We certainly have that \(n_p = \vert X \vert \), because every Sylow p-subgroup is a conjugate of \(P\), but also every conjugate of \(P\) (that is, every member of \(X\)) is itself a subgroup of \(G\), and has the same size as \(P\), so is also a Sylow p-subgroup. Hence, just as before, \(n_p \equiv 1 \pmod p\).

Also, \(n_p\) is the size of an orbit under conjugation, and hence by the Orbit/Stabiliser Theorem, it divides \( \vert G \vert = p^a m\); but \(n_p\) does not have a factor of \(p\), so it must divide \(m\).

This concludes the proof of the third Sylow theorem.


So the proof went as follows:

  1. We’re looking for information about Sylow p-subgroups, so we pick the maximum possible p-subgroup and hope that it’s a Sylow one.
  2. How do we know whether this p-group is Sylow? If \(\dfrac{ \vert G \vert }{ \vert P \vert }\) is not divisible by \(p\).
  3. What can we do with a quotient? Not much, but we can use a quotient of a normal subgroup. We can’t guarantee that \(P\) is normal in \(G\), so we split up the fraction into \(\dfrac{ \vert G \vert }{ \vert N \vert }\) and \(\dfrac{ \vert N \vert }{ \vert P \vert }\).
  4. What’s a good normal subgroup to use? We have a choice. We’ll go for the normaliser \(N = N(P)\), because that gives a nice interpretation to \(\dfrac{ \vert G \vert }{ \vert N \vert }\). (But otherwise, this step seems a bit arbitrary to me.)
  5. Now we’ll go for \(\dfrac{ \vert N \vert }{ \vert P \vert }\); this is definitely something to do with the quotient group \(\dfrac{N}{P}\). Let’s imagine its size were divisible by \(p\); then we can use Cauchy on \(\dfrac{N}{P}\) and get a contradiction on moving back to \(N\).
  6. Let’s now consider \(\dfrac{ \vert G \vert }{ \vert N \vert }\); the normaliser is something to do with conjugates, so we’ll consider the conjugation action. Happily, this expression then becomes the size of the orbit of \(P\) under the conjugation action; call that orbit \(X\).

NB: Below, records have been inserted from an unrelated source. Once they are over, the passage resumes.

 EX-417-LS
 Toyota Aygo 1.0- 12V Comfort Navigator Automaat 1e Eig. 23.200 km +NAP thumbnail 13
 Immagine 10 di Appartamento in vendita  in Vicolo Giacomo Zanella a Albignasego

  7. We need \( \vert X \vert \not \equiv 0 \pmod p\). Remember the class equation; we want to act on \(X\) using a p-group. \(P\) is such a p-group, so we’ll let \(P\) act on \(X\). The only natural action to use is conjugation. We know straight away that \(P\) is in an orbit all to itself; we need it to be the only one.
  8. Name a different conjugate of \(P\); call it \(g P g^{-1}\). We need this to be exactly \(P\). It’s got the right size already, so we just need it to be contained in \(P\). Here a leap of faith: what’s special about \(P\)? It’s the kernel of a homomorphism \(\pi: N \rightarrow \dfrac{N}{P}\) (because it’s a normal subgroup of \(N\)). So, after proving that \(\pi\) is defined on what we want to give as its arguments (that is, after showing that \(g P g^{-1}\) is contained in \(N\), or equivalently that all elements of \(g P g^{-1}\) stabilise \(P\) under conjugation), consider \(\pi(g^{-1} P g)\). This is clearly \({e}\), and hence \(g^{-1} P g\) is in the kernel of \(\pi\), and hence is a subset of \(P\), as required.

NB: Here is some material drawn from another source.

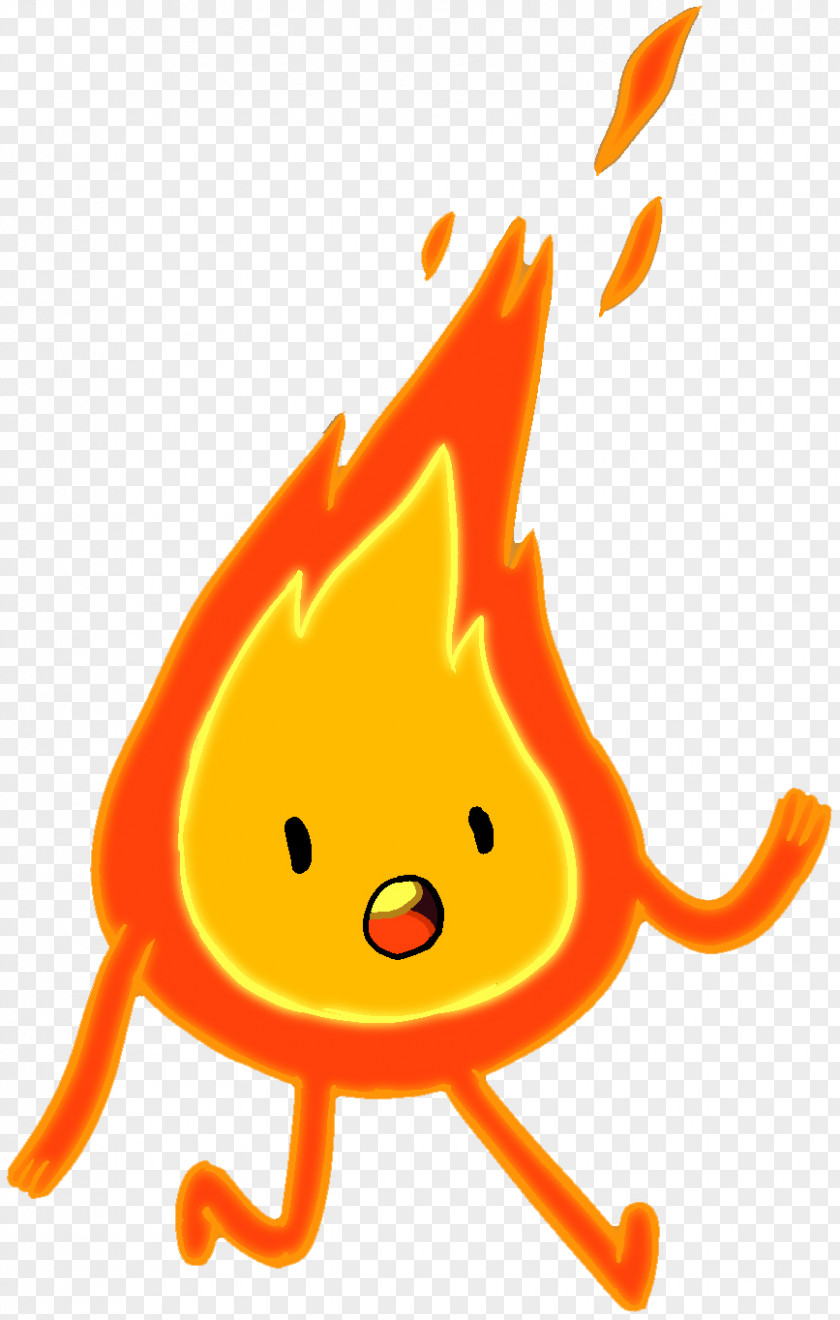 Flame Ice King Fire Clip Art PNG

  9. Now the second theorem: all the Sylow p-subgroups need to be conjugate. Name a Sylow p-subgroup \(Q\), and have it act on \(X\) as above. Then in exactly the same way as in step 7, since \( \vert X \vert \) is not a multiple of \(p\), we have that there is some \(h \in G\) such that \({h P h^{-1}}\) is an entire orbit under conjugation by \(Q\).
  10. Exactly as in step 8, a conjugate \(h P h^{-1}\) is on its own in an orbit, so it is fixed under conjugation by every element in \(h^{-1} Q h\). Hence \(H = h^{-1} Q h\) is contained within \(N\) and we can use \(\pi\). Suppose that \(H\) is not fully contained in the kernel of \(\pi\); then applying \(\pi\) to it gives us a subgroup, which must have prime power order (from the fact that \(h^{-1} Q h\) had prime power order); it also has order dividing that of \(\dfrac{N}{P}\), which is not a multiple of \(p\): contradiction.

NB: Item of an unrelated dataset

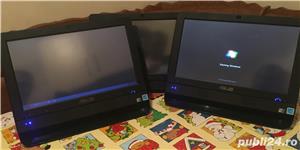  Asus all in one pe touch - imagine 2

  11. \(H\), a conjugate of \(Q\), is hence contained in the kernel of \(\pi\). Then since it is of the same size as the kernel, it must be the kernel, but that is \(P\).
  12. Now the third theorem: we’ve just shown that \(X\) is precisely the set of Sylow p-subgroups, so \( \vert X \vert \equiv 1 \pmod p\) is just what we want (but we’ve already shown it back in step 8); and since it is also precisely an orbit when \(G\) acts on \(P\) by conjugation, it must have order dividing that of \(G\).